§ YOUR TASK
Transcribe, word for word, every line from the one containing "NWT Edwin Anthropologie" through the final line of the records, and omit the pictures.

§ RECORDS FOR THE EXERCISE
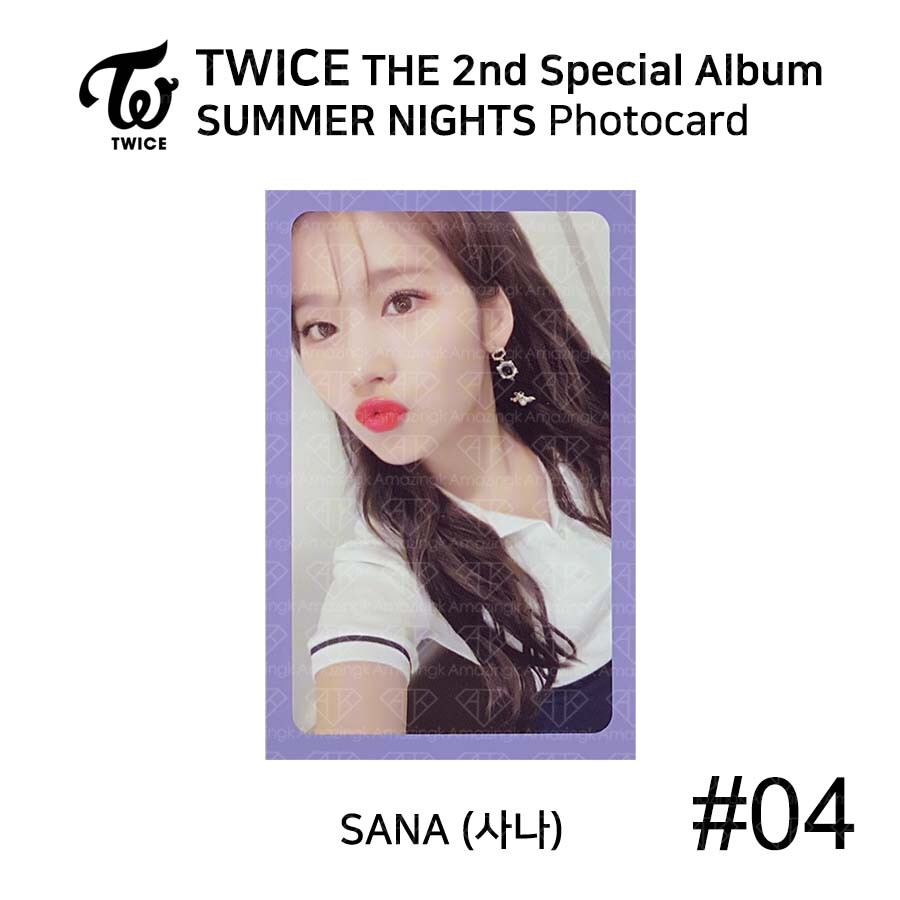 TWICE tv 2018 Summer nights サナ トレカ TWICE SUMMER NIGHTS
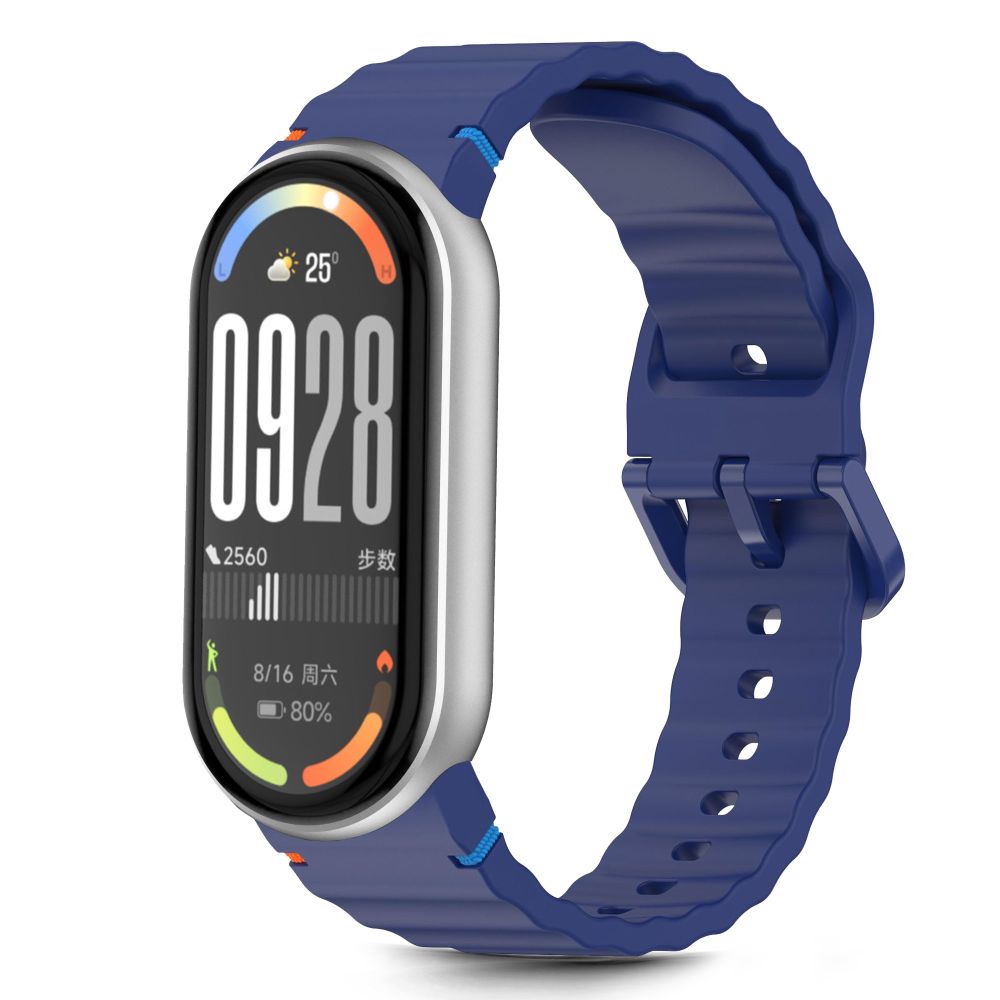 Mėlyna apyrankė Xiaomi Smart Band 8 / 9 / 10 / NFC Silicon Sport Mėlyna apyrankė Xiaomi Smart Band 8 su silikonine sportine apyranke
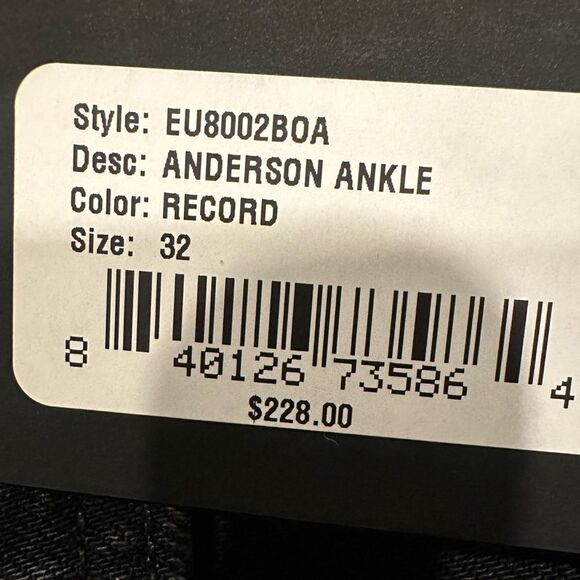 NWT Edwin Anthropologie Anderson Ankle Black Straight Leg Denim High Waist Jeans - Picture 8 of 8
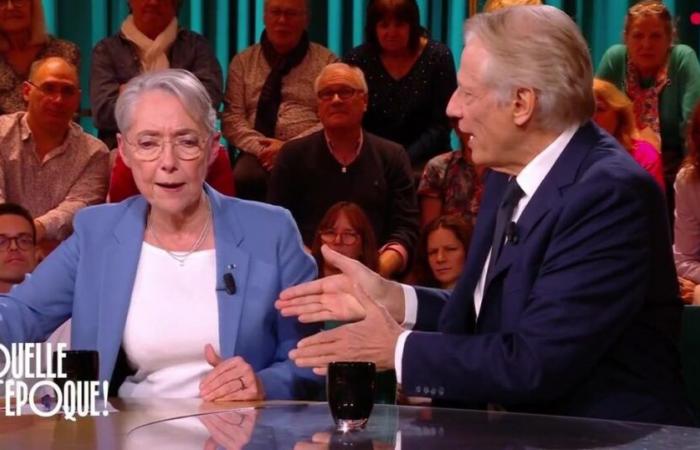 “Fermati lì”: scambi vivaci tra Dominique de Villepin ed Élisabeth Borne in “Quelle époque!” su France 2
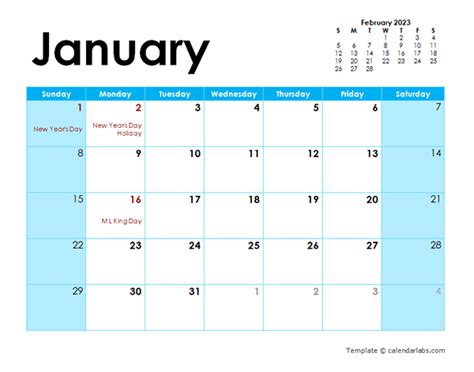 download 2023 printable calendars - 2023 calendar templates and images ...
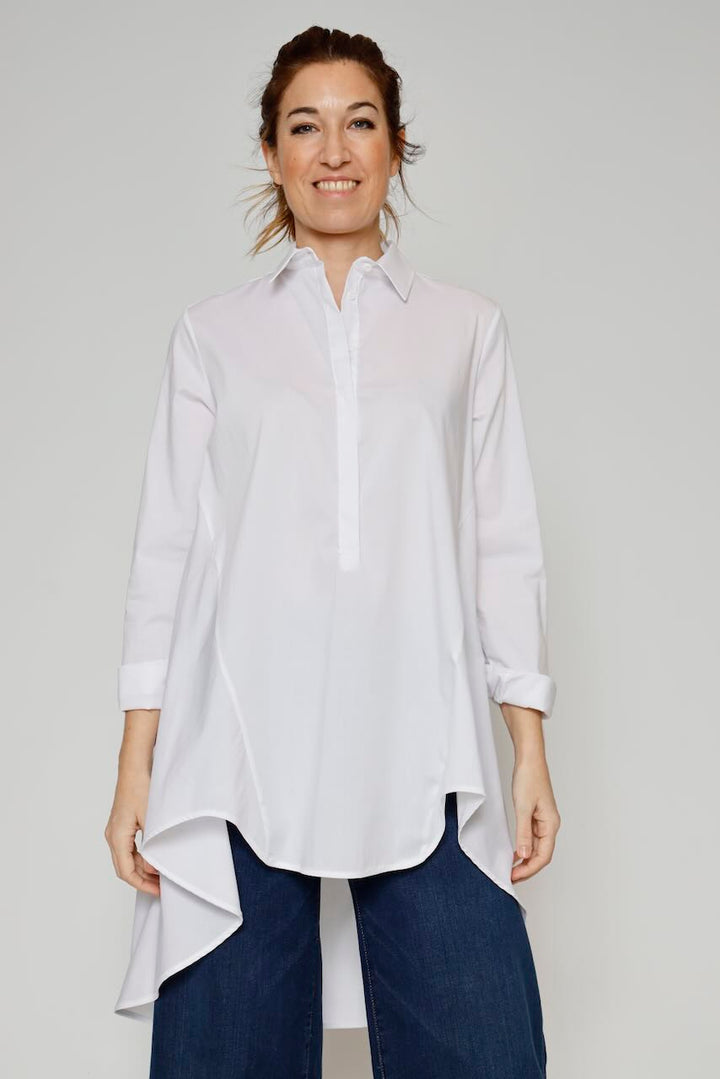 CAMISA LARGA CED3FDK-BLANCO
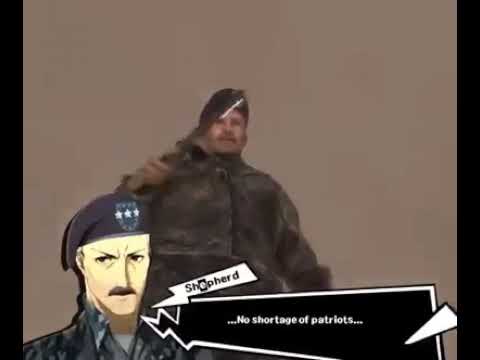 Persona Captain Price beats up Shepard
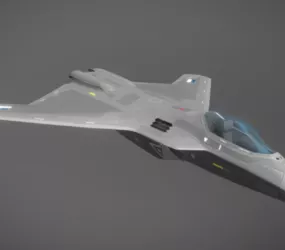 Aircraft Fighter 5th Class 3d model
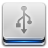 Usb, drive, hard disk Gainsboro icon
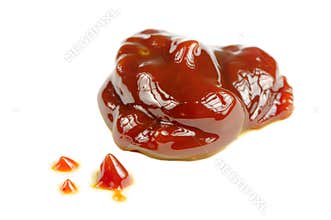 Lubricating Grease Isolated on White Background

§ YOUR RESPONSE
 NWT Edwin Anthropologie Anderson Ankle Black Straight Leg Denim High Waist Jeans - Picture 8 of 8
 “Fermati lì”: scambi vivaci tra Dominique de Villepin ed Élisabeth Borne in “Quelle époque!” su France 2
 download 2023 printable calendars - 2023 calendar templates and images ...
 CAMISA LARGA CED3FDK-BLANCO
 Persona Captain Price beats up Shepard
 Aircraft Fighter 5th Class 3d model
 Usb, drive, hard disk Gainsboro icon
 Lubricating Grease Isolated on White Background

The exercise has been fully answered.